# Linear Regression in Python

There are many packages that implement linear regression in Python. As detailed in our last reading, however, depending on whether they are intended for use in prediction or inference, the way these packages operate can vary substantially. 

In this reading, we will look at how linear regression has been implemented in two major packages — [statsmodels](http://statsmodels.org) and [scikit-learn](http://scikit-learn.org). Both of these packages can fit a wide range of linear models, but the way they are organized and the results they report reflect the different audiences for whom they were designed. 

*Broadly speaking*, statsmodels is a library written by statisticians for statisticians, biostatisticians, social scientists, and natural scientists.

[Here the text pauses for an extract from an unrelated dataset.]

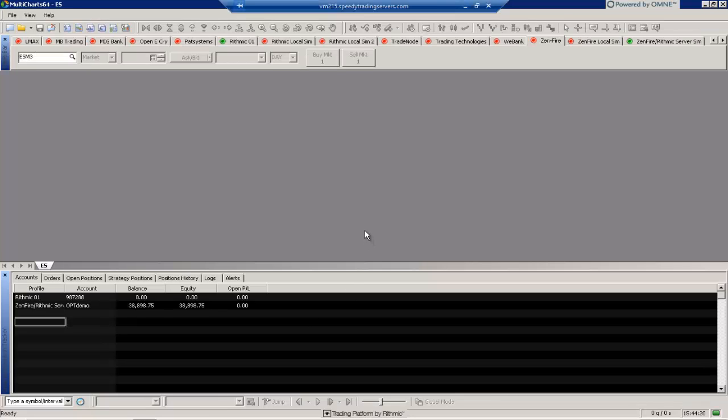Hello and welcome to this video. In this video we're going to take a look at MultiCharts and we're going to talk about how to use the market scanner function. So let's go ahead and get started here.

It can do prediction, but its focus is *inference*, and as we will see that is reflected throughout the package. 

scikit-learn, by contrast, was written by and for computer scientists interested in machine learning. Its focus is on prediction, and while it includes a far more diverse collection of machine learning models than statsmodels, it does not include all the features someone doing inference might expect for evaluating model performance or doing things like calculating different types of standard errors.

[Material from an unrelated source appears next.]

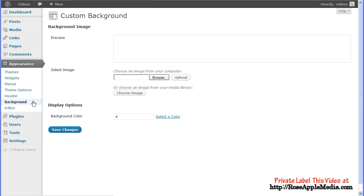Background image is used to upload and preview an image for the background, and the display options allow you to format the display of that image.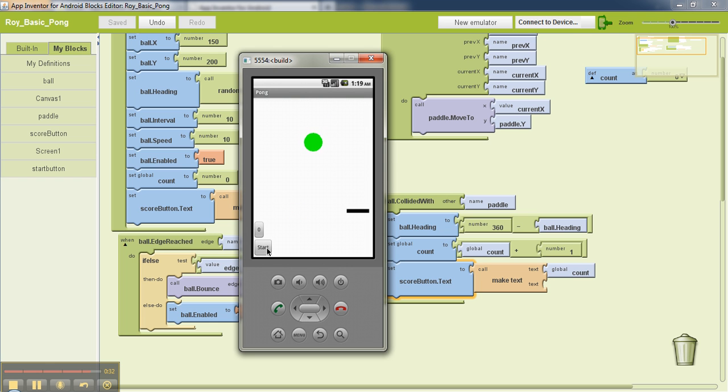If I restart the game it starts at zero again.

## Regression in statsmodels

Because it is the more feature-rich library when it comes to regression, we will start our exploration of linear regression in Python with statsmodels. If you have any interest in inference, are coming from a programming language like R or Stata, and/or have a background in statistics, social science, or the natural sciences, then statsmodels is the package that will feel most familiar and useful. 

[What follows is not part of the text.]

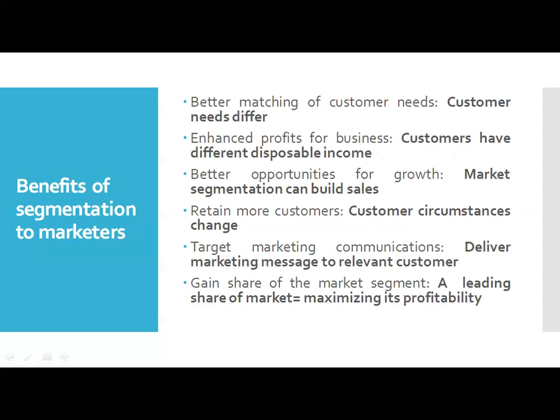There are several benefits that marketers gain from segmentation. First is better matching of customer needs — since customer needs differ, creating separate offers for each segment provides better solutions. Second is enhanced profit for businesses — customers have different disposable incomes and differ in price sensitivity, so by segmenting markets, businesses can raise average prices and enhance profits. Third is better opportunities for growth — market segmentation can build sales, as customers can be encouraged to trade up after being introduced to a lower-priced product.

While our focus will be on linear regression, the statsmodels package includes a wide range of tools for inference and modeling, from simple models like linear and logistic regression to generalized linear models (GLMs), non-parametric regression, robust linear models, time series models, survival analysis, multiple imputation, generalized additive models (GAMs), and more. (Curious if it includes that *one* model that's near and dear to your heart? [Feel free to go check and come back](https://www.statsmodels.org/stable/user-guide.html)).

Moreover, it provides by far the easiest interface for moving from a pandas DataFrame to a regression in the Python ecosystem. To illustrate, let's fit a quick regression looking at countries' under-5 mortality rates as a function of GDP per capita and Work Bank ratings of each countries' public sector in terms of transparency, accountability, and levels of corruption:

In [25]:
import pandas as pd
import numpy as np
import statsmodels.formula.api as smf

pd.set_option("mode.copy_on_write", True)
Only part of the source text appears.